For decades, the Japanese model was taught in business schools as the archetype of industrial excellence. Today, the same model wobbles under the weight of its own contradictions. What happened? And above all, what remains to be done?
When cracks become fractures
What stands out in the crisis facing the Japanese automotive industry is that it did not arise from nowhere. It is the product of a silent accumulation of errors, long concealed behind enviable financial performance.
Investigations conducted by Reuters and then by the Associated Press have highlighted manipulations in safety testing within subsidiaries such as Daihatsu, affecting dozens of models, including crash tests and airbag systems.
What could have remained an internal technical matter has transformed into a public trust crisis, all the more painful because the manufacturer occupies a symbolic place in the Japanese industrial imagination.
Analysts quickly understood that this was not a simple isolated malfunction, but a structural failure of the governance model itself. The distance between the decision centers and the operating units had allowed these drifts to thrive without anyone at the top seeing them coming.

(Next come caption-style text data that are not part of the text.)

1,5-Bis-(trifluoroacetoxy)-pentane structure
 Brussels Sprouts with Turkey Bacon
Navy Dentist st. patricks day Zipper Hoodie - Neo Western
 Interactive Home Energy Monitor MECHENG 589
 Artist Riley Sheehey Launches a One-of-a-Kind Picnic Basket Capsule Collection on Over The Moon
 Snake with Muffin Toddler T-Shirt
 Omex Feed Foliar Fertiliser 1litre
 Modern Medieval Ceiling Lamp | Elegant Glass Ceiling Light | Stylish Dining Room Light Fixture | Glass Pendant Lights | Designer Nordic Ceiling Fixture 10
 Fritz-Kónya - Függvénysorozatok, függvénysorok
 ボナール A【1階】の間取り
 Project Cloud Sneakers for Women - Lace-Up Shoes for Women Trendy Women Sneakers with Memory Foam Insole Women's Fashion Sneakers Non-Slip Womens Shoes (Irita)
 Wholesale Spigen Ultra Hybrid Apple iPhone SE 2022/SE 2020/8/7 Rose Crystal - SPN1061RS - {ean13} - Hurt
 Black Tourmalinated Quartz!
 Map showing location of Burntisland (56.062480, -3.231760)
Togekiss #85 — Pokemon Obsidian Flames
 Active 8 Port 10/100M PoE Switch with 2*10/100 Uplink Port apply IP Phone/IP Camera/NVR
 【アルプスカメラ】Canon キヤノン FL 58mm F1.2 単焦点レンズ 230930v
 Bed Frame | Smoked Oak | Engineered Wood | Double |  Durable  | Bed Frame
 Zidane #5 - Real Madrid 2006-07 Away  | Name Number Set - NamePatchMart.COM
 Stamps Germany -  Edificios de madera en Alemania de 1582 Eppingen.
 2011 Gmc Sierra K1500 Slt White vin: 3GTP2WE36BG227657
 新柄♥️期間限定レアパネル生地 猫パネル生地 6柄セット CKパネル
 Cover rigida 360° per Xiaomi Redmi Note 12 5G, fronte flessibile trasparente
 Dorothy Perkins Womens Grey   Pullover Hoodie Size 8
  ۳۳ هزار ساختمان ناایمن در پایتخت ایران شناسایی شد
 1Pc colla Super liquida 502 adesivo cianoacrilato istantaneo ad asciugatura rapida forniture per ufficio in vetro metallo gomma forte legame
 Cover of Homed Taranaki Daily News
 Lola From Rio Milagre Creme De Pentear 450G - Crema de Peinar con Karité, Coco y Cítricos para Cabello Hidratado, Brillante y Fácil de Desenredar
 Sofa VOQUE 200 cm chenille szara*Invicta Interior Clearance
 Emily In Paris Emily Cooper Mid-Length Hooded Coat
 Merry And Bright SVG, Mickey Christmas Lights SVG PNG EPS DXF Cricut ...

The paradox of a model victim of its own success
The Japanese model rests on a philosophy that could be summarized as: decentralization in the service of discipline. The subsidiaries have real autonomy, but are supposed to operate in respect of shared values and standards. This is what enabled remarkable efficiency, controlled costs, and a long-standing impeccable quality.
But as the group grew and became more complex, this same architecture became a gray zone difficult to control. The pressure of performance, combined with increasing competition from American and Chinese manufacturers, gradually transformed decentralization from an asset into a vector of opacity. The standards of rigor eroded, not by deliberate decision, but by gradual drift, almost imperceptible, which, in a sense, is even more troubling.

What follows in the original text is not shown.